== Raw data ==
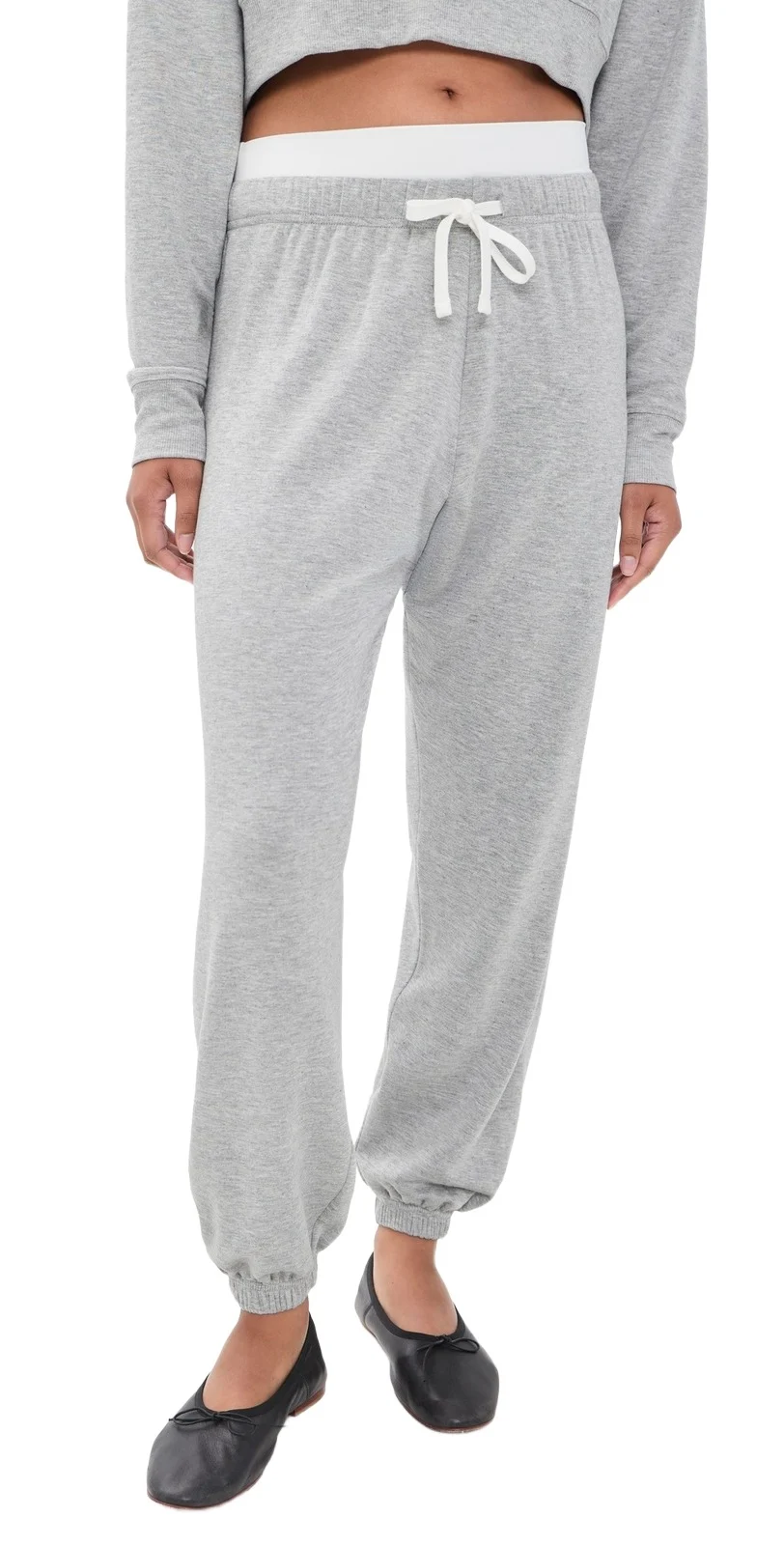 Andie Dual Waist Sweatpants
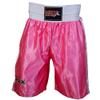 Men Boxing Shorts for Boxing Training Fitness Gym Cage Fight MMA Mauy Thai Kickboxing Trunks Clothing Pink X-Small view 3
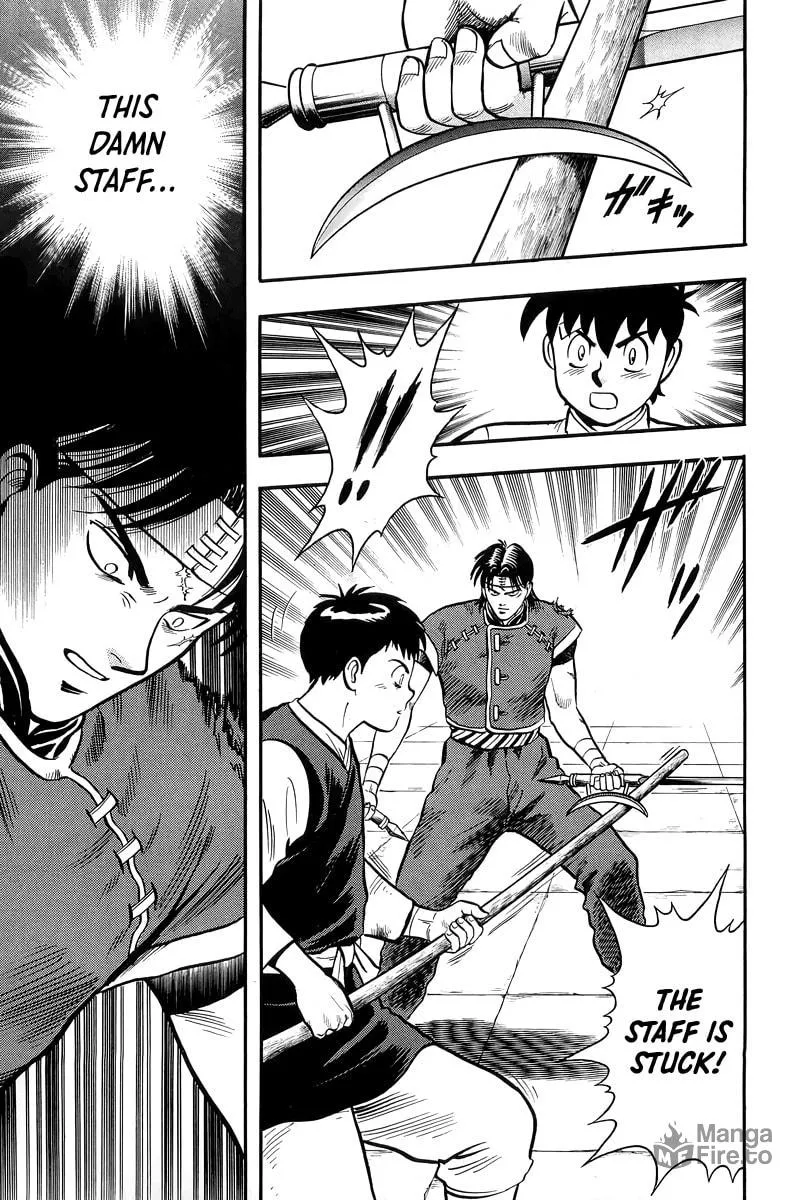 Read Ironfist Chinmi chapter 147 image 20 on Lezhin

== Exercise prompt ==
Apart from the images, every line above needs to be printed again exactly.

== Completed task ==
 Andie Dual Waist Sweatpants
 Men Boxing Shorts for Boxing Training Fitness Gym Cage Fight MMA Mauy Thai Kickboxing Trunks Clothing Pink X-Small view 3
 Read Ironfist Chinmi chapter 147 image 20 on Lezhin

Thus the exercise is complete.